Innehalten

28 september 2017 - Ilok, Kroatië

Kroatien, „mein“ fünftes Land!

Gerade ein paar Wörter ungarisch gelernt und ein bisschen daran gewöhnt in Forint zu bezahlen, muss ich statt ‘köszönöm’ (=danke) ‘hvala’ sagen und Kunas in meinem Geldbeutel haben… Kuna bedeutet Marder und stammt noch aus dem Mittelalter, wo man mit Marderfellen bezahlte.

Es ist doch etwas Faszinierendes mit den Sprachen! Wer denkt sich denn so eine schwierige Sprache als das Ungarisch aus? Die Babys müssen alle hochbegabt geboren werden… (Nicht dass ich slowakisch oder kroatisch besser verstehen würde, aber trotzdem.)

Der Teil in Kroatien ist recht kurz, mein Tourenbuch sagt 165,5 km. Maar inzwischen fahre ich nicht mehr immer wie’s im Buch steht, teils aus Versehen und teils mit Absicht (über die Kilometerangaben übernehme ich also keine Garantie). Die Wege verlaufen ungefähr in der Nähe der Donau, aber man sieht den Fluss nur selten.

Es gibt zwar auch Schilder, aber seit der Slowakei muss man viel mehr selbst auf die Route achten (hat auch was, man fühlt sich viel mehr als Pfad-Finder). In Deutschland und Österreich braucht man meistens nur drauf los radeln, bis wieder ein Schild kommt.

Inzwischen habe ich mich mit Maps.me angefreundet. Damit, mit meinem Radführer und mit den Ratschlägen der Einheimischen klappt es recht oft.

Im Gegensatz zu Serbien ist die kroatische Seite der Donau (dieses Mal heißt sie Dunav, und bildet über die gesamte Länge in Kroatien die Grenze) teilweise hügelig.

Ich weiß jetzt, dass ich Steigungen von 8% im 2.Gang fahren kann, und Steigungen von 11% im ersten, wenn sie nicht zu lange sind, sonst muss ich doch schieben. Aber dann hat man danach auch wieder eine schöne Abfahrt. Das jedenfalls dachte ich vorgestern… Gestern musste ich allerdings bei 8%-Steigungen schieben, die mindestens so steil waren wie die 11% vom Vortag. Auch hier sind die Grenzen also fließend („Alles fließt, und nichts bleibt“). Ob  es sich nun um meine Grenzen oder um die der kroatischen Vermessungsspezialisten geht, sei dahingestellt.

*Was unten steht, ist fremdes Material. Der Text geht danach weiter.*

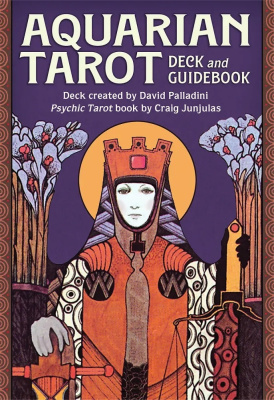 картинка Карты Таро "Aquarian Tarot Deck & Guidebook" US Games / Колода Таро для Водолея и Путеводитель от магазина Gamesdealer.ru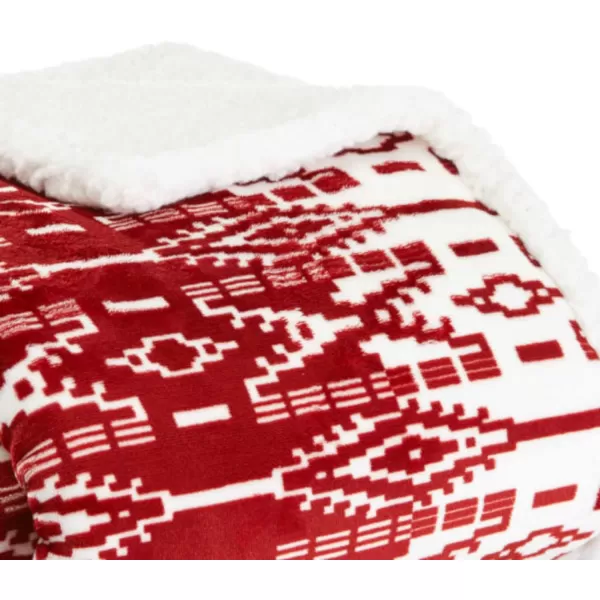 imageEddie Bauer UltraPlush Collection Throw BlanketReversible Sherpa Fleece Cover Soft amp Cozy Perfect for Bed or Couch Emperor PenguinSan Juan Red Clay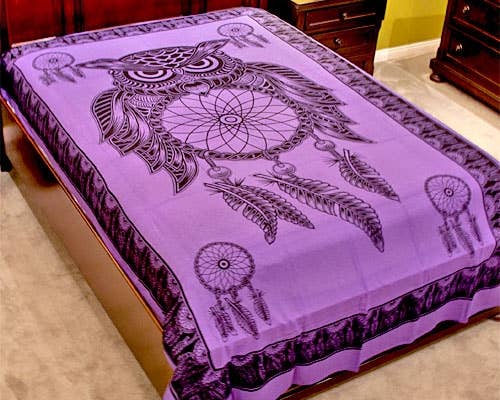 Dream Catcher Tapestry (Purple) - 72" x 108"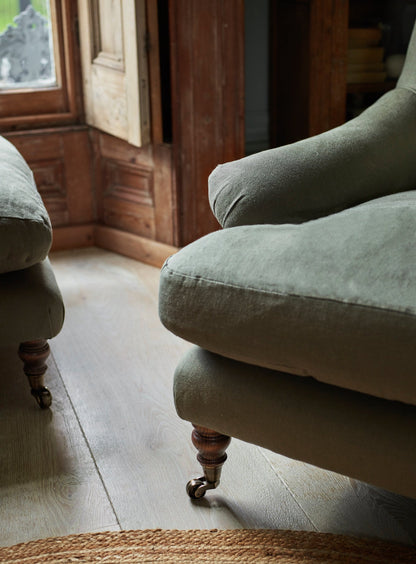 Fauteuil Remy, lin mousseux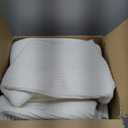 5 Pack White Woven Storage Baskets for Shelves, Decorative Basket Organizer Storage Bins for Toys, Books, Clothes, Closet, Nursery, Bathroom  Cotton Rope Shelf Baskets for Organizing and Decor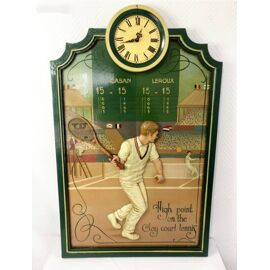 Tableau partie de tennis avec horloge Country Corner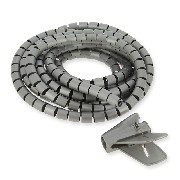 Cable cover 16mm length 3m for SPY RACING 350cc (Grey)  
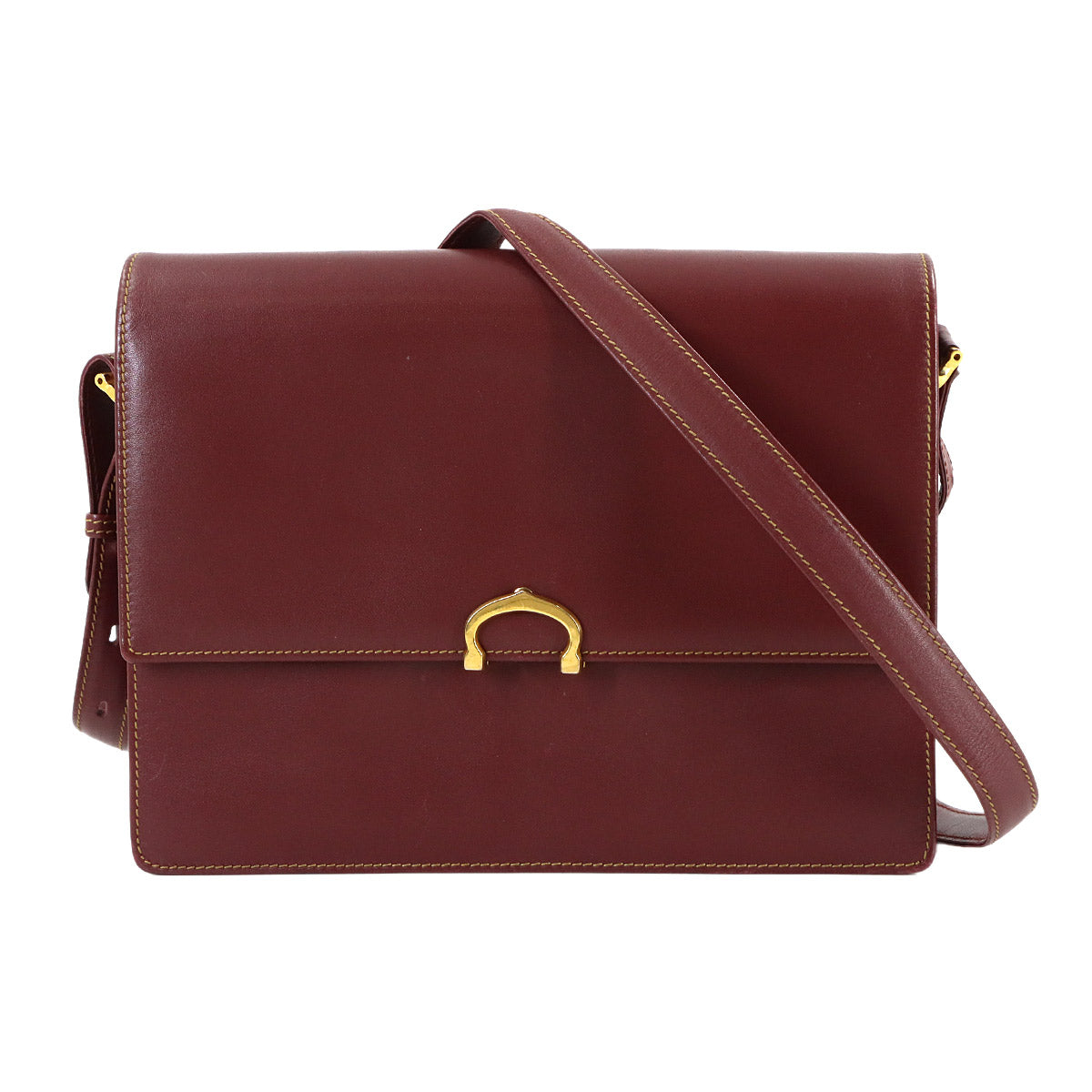 Must Line Shoulder Bag Leather Bordeaux Purse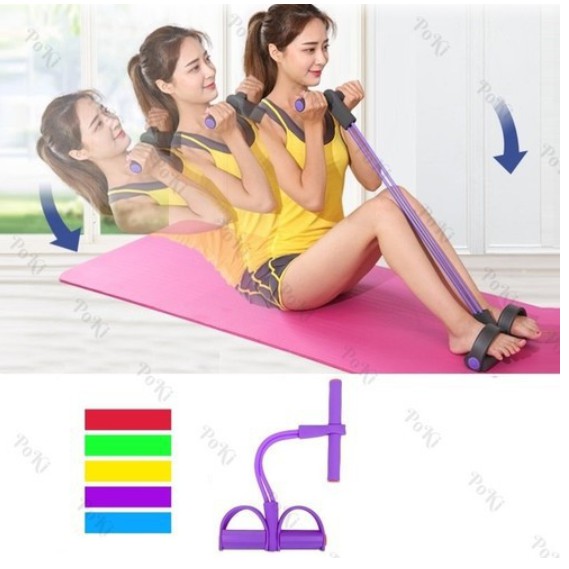 Dây Kéo Đàn Hồi 4 Ống Cao Su Tập Thể Dục, Dụng Cụ Tập Thể Dục Tại Nhà, Tập Gym Tại Nhà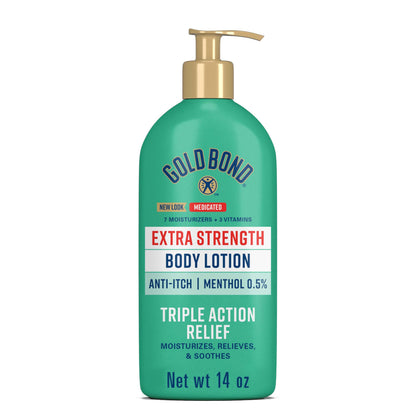 Gold Bond Medicated Extra Strength Body Lotion, Moisturizes, Relieves & Soothes, 14 oz Lotion Gold Bond buy supplements Au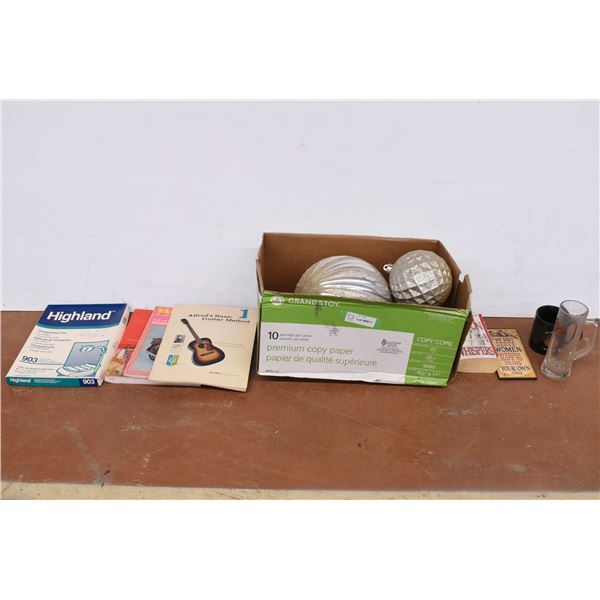 *Ornaments, Mugs, Books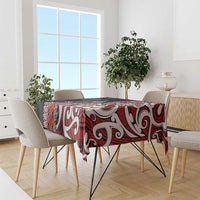 Aotearoa Maori Stylized Koru - Silver Ferns Tablecloth LT03 - Polynesian Pride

Es ist jetzt Donnerstag, 28. September, sehe ich auf meinem Handy. Es sind solch intensive Tage, dass ich jetzt trotz des schönen Wetters die Zeit nehme, um innezuhalten und zu schreiben. Ich bin nämlich bereits wieder an der nächsten Grenze, in Ilok. Ich brauche nur die Donau zu überqueren, und schon bin ich in Serbien.

Ich muss doch immer eine kleine innerliche Schwelle überschreiten, bevor ich ein anderes Land betrete. Abschied nehmen, loslassen, offen sein für das Neue.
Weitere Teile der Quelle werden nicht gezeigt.